- WHAT THE EXERCISE ASKS:
Collect all lines from the records below that include the word "Image".

(Stored data)
^^^^^^^^^^^^^^^^
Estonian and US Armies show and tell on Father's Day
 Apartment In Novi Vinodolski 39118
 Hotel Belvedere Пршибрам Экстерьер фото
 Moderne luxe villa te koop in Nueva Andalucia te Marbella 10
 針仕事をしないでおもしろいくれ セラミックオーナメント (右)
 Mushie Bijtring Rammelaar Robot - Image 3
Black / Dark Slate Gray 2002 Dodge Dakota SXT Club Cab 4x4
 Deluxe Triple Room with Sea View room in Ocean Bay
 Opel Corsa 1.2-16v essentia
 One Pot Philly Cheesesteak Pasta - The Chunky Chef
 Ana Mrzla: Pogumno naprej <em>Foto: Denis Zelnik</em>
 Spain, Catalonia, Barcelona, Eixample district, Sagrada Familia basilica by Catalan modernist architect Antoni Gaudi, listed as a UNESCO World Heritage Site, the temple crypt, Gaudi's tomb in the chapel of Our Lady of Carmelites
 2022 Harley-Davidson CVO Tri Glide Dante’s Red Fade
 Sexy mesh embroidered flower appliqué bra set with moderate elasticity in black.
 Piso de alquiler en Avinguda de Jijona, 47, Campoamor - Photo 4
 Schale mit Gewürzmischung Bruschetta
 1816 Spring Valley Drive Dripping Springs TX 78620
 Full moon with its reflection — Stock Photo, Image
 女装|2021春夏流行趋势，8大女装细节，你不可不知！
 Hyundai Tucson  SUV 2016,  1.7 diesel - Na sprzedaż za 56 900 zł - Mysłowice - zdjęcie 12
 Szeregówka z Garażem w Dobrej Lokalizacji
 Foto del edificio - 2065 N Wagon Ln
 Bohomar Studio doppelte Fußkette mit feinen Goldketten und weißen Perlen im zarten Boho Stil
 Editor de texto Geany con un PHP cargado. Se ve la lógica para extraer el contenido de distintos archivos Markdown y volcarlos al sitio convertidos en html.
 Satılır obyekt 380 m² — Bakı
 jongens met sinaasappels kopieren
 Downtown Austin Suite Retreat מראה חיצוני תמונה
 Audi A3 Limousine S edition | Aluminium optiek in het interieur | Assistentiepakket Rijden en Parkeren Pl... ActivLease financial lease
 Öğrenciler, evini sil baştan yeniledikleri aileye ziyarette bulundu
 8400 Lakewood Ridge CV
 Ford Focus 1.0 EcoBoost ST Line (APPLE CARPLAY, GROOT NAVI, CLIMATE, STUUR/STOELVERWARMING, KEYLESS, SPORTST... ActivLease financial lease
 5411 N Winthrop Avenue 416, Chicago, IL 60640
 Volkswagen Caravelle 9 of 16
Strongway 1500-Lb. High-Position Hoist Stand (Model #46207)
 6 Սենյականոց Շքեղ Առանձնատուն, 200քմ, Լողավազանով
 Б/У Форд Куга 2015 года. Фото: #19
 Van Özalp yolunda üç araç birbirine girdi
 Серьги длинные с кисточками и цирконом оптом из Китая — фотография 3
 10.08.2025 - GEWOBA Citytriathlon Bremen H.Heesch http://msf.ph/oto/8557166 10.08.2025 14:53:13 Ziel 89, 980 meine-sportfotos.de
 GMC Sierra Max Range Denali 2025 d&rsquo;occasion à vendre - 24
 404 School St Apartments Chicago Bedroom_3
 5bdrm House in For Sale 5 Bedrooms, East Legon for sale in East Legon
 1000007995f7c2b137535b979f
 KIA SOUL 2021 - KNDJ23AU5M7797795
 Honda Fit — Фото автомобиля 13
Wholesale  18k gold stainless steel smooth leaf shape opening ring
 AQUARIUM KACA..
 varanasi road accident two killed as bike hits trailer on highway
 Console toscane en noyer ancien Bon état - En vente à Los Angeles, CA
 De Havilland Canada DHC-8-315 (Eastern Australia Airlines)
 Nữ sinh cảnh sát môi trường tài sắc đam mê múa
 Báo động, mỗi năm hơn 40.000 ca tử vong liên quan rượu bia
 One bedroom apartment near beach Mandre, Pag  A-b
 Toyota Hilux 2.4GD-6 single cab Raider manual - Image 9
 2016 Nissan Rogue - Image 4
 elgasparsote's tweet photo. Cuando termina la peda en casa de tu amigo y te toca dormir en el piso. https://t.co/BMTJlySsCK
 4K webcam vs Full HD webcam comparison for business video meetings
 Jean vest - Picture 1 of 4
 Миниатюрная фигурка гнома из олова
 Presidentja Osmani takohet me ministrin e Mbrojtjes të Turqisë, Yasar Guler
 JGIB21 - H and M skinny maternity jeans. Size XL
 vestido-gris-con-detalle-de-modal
^^^^^^^^^^^^^^^^
- EXERCISE ANSWER:
 Mushie Bijtring Rammelaar Robot - Image 3
 Full moon with its reflection — Stock Photo, Image
 Toyota Hilux 2.4GD-6 single cab Raider manual - Image 9
 2016 Nissan Rogue - Image 4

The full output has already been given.